The Liberation Tigers of Tamil Eelam (LTTE) said on Monday they had intensified military pressure on government troops with more attacks around Elephant Pass military complex, the southern gateway to Jaffna peninsula. The pass, a narrow causeway between the peninsula and the mainland, is crucial for the control of Jaffna, the ultimate prize in the Eelam war.
The peninsula has been under the control of the army since 1996, but the fighting near Elephant Pass has raised the possibility that the LTTE may be preparing to try and wrest it back before the election in order to complete Kumaratunga’s military humiliation.
Last month, the military suffered a string of defeats at the hands of the LTTE. A statement from the London headquarters of the LTTE late Monday claimed "Elephant Pass military complex is seriously threatened" with its units "pounding" Yakachi army base on the northern side of the complex with artillery and mortar.
The statement claimed the complex had been "cut off" from land and sea supplies and "completely encircled by formidable LTTE fighting formations". Other Sri Lankan army positions on the main road leading from Elephant Pass to Jaffna town were also under attack, it claimed.
Earlier, the military said it had repulsed the concerted attack on the camp over the weekend killing over 250 Tamil Tigers. But the Jaffna army commander was quoted by the Tamil daily Uthayan on Monday saying troops had made a "tactical withdrawal" from Vettilaikerni and Kadaikadu, two strategic areas near Elephant Pass.
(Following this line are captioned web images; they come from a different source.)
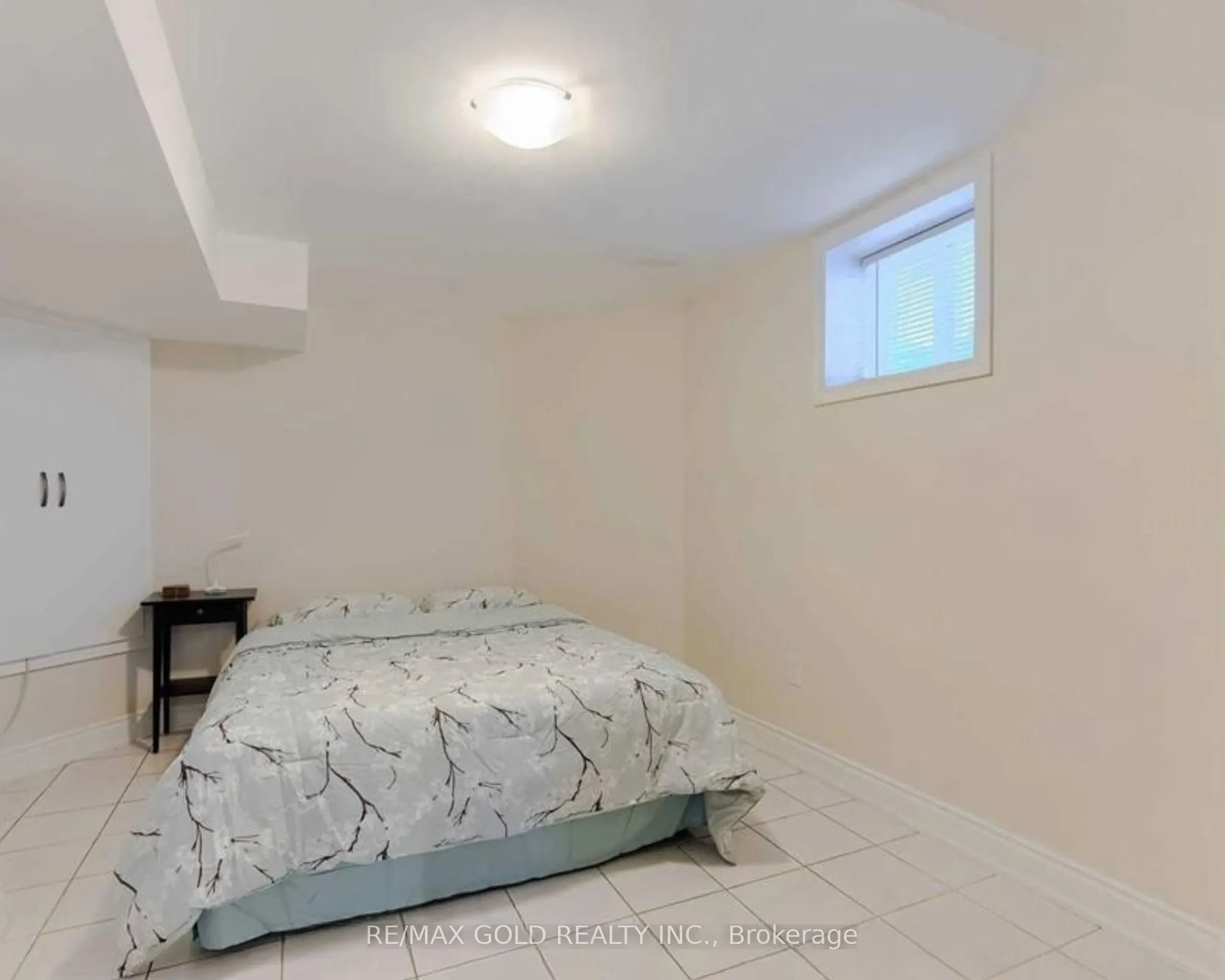1090 Trudeau Drive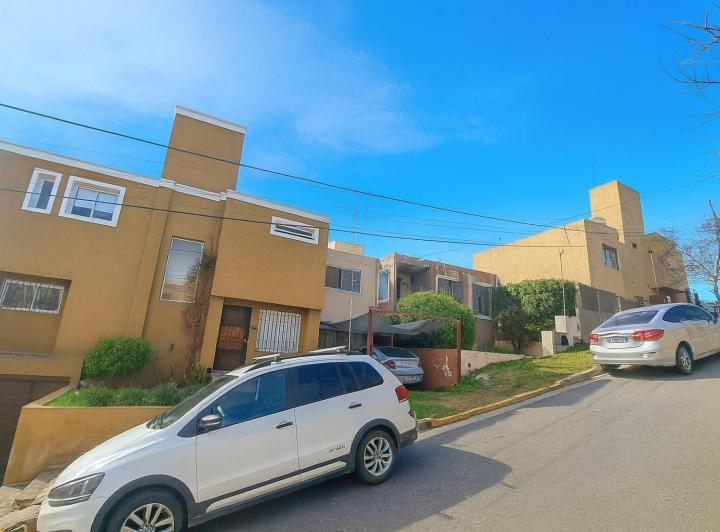 Casa · 220m² · 5 Ambientes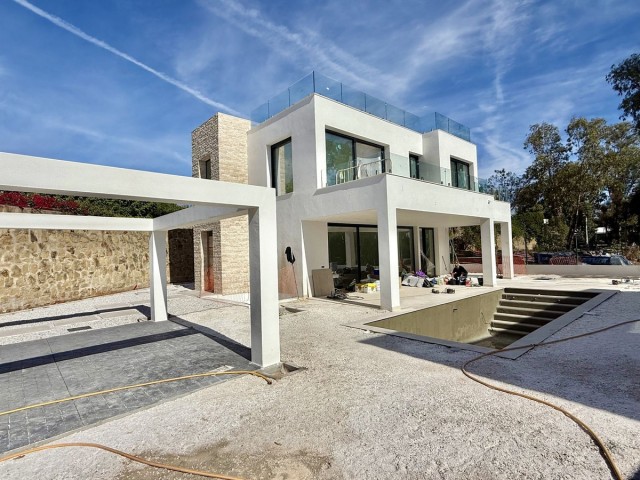 6 Bedrooms Villa in New Golden Mile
Independent reports said the LTTE continued to shell the Jaffna coastline on Monday. According to unofficial estimates, more than 2,500 families living in these areas are evacuating to safer places further north in the peninsula.
A defence ministry statement said one civilian was killed and eight injured on Sunday when LTTE shells hit Chavakachcheri, a crowded population centre on the Jaffna lagoon, where an army base is located.
The LTTE claimed in its statement it had destroyed the ammunition dump and artillery position at the Chavakachcheri camp killing "hundreds of soldiers", but there was no confirmation of this incident.
It accused the defence ministry of "making desperate efforts to underplay the scale and magnitude of the Tiger offensive in the Thenmarachchi region Jaffna peninsula fearing that the objective truth of the ground reality will have serious repercussions in the presidential elections."
In an earlier statement, the group said the latest attacks are part of its Operation "Unceasing Waves" that it launched last month, inflicting serious losses on the military and regaining a large amount of territory in the northern mainland.
In the bitter campaign for the December 21 presidential election, the debacle spurred opposition candidate Ranil Wickremesinghe to assert that the government of waging a pointless war.
But President Kumaratunga has accused Wickremsinghe and his United National Party (UNP) of plotting the defeat along with sections of the military and the LTTE.